Skip the pushing the truck bit and avoid any shotgun approach by replacing parts on a guess.


#13

On my 70’s Ford truck the “i” terminal bypasses the ballast resister in the circuit which supplies power to the ignition coil when the key is in “start”. This is to insure a good hot spark during starting.


#14

GeorgeSanJose, I might try hardwiring it see if that works, but the ignition coil has power uploading another video

So what I need to do now I guess is take spark plugs out and see if they all failed at once? Maybe something really gunky gunked them up? Or maybe the thing that spins just isn’t supplying voltage to the spark plug coils.

Also I apologize in advance for the video it was raining and I was trying to keep dry by leaning under my hood, and also I can’t think of the right part names sometimes so I just say something wrong.


#15

Has this engine ran since you replaced those plug wires.

If you did replace the wires for this problem…and those wires have never actually started the engine…they may be the problem.

In the first video that you posted it seemed to me that the engine was struggling too much to turn over. You may have gotten a couple of wires mixed up.

I’d recheck the firing order and trace those wires to be sure they are in the correct spot on the distributor cap.

Yosemite


#16

No, those are the wires that ran it since I bought the truck. I have only taken one off at a time in order not to confuse the firing order.


#17

So took spark plug out.
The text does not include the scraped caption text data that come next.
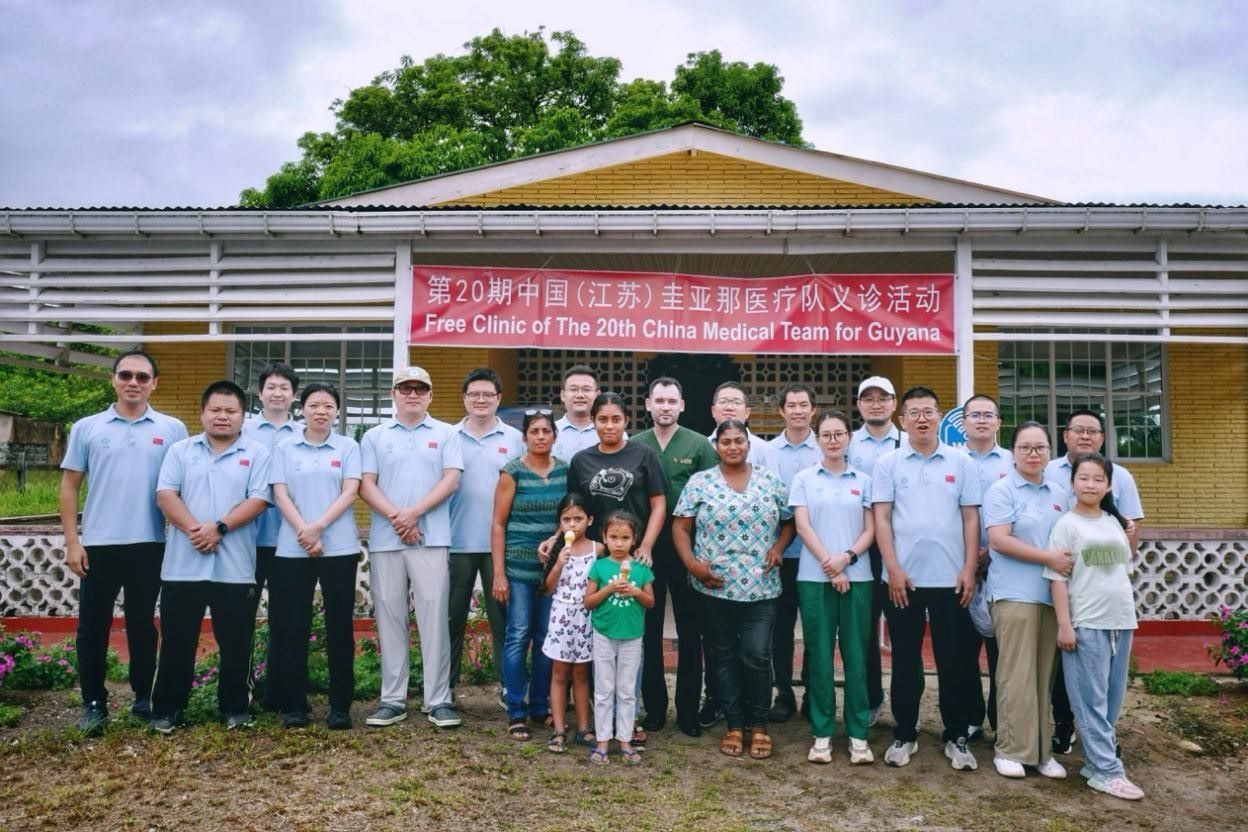 第20期中國(guó)（江蘇）援圭亞那醫(yī)療隊(duì)在圭偏遠(yuǎn)的林登高速社區(qū)開(kāi)展義診后，與部分當(dāng)?shù)鼐用窈嫌啊?中國(guó)援圭醫(yī)療隊(duì)供圖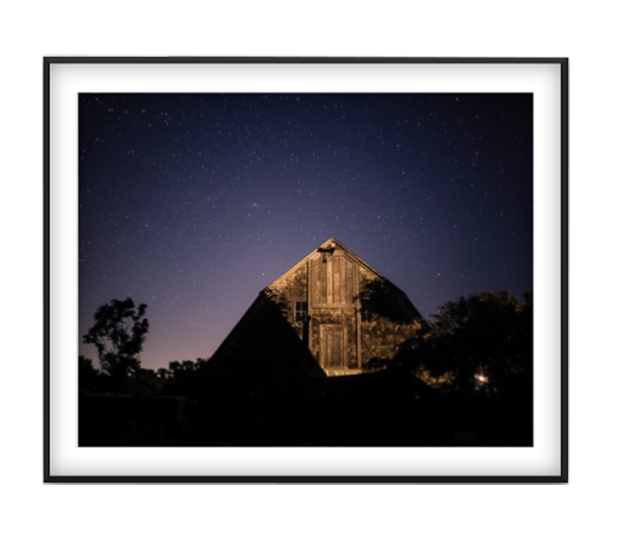 Grange photographic print of a barn under a starry night sky in a black frame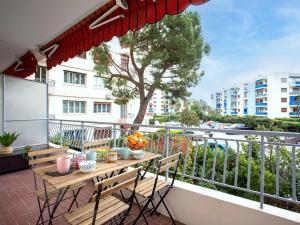a balcony with a table and chairs on a balcony at Apartment Epsom by Interhome in Cagnes-sur-Mer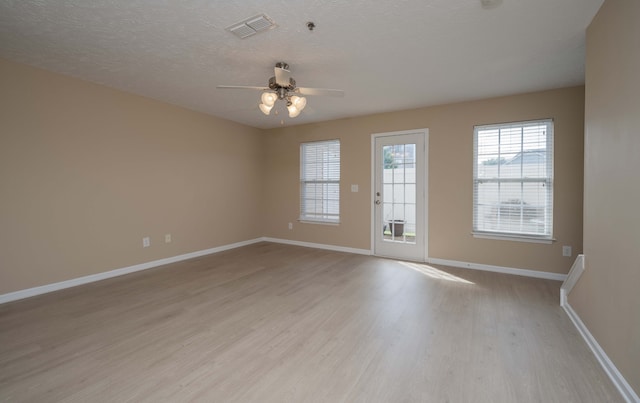 empty room with ceiling fan, a textured ceiling, and light hardwood / wood-style floors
Never done this before, but when I connect the sparkplug to a live 12v source then ground out the edges of it where it screws into the motor it should spark right? Because it wasn’t sparking. Hoping its my sparkplugs now.

Edit: added pic to demonstrate what i mean

Edit again:
may be distributor, just in case going to replace distributor and all the spark plugs and coils.


#18

No your normal 12 volts is not enough to create a spark at the plug.

You must have the plug body grounded to the engine or frame and the plug wire from the distributor attached to the plug.
Then have someone crank the engine over as you watch for spark.

Yosemite


#19

Before replacing anything I would suggest checking for battery voltage at the ignition coil. I think (memory is a bit fuzzy) that the hot wire at the coil should be red with a green tracer.

There should be power at that terminal with the key in both the run and start positions.


#20

The main ignition coil lead should tie to the center of the distributor cap. The coil creates pulses of electricity at many thousands of volts to fire the spark plugs. The center of the disty cap connector to the rotor that rotates on a shaft. The rotor aligns with the spark plug connections on the cap and the ignition fires a pulse to the plug.

You didn’t provide any feedback on the coil test by checking the minus side of the coil. You should have voltage pulses there while cranking the engine. If you just have a steady light then something is wrong inside the disty.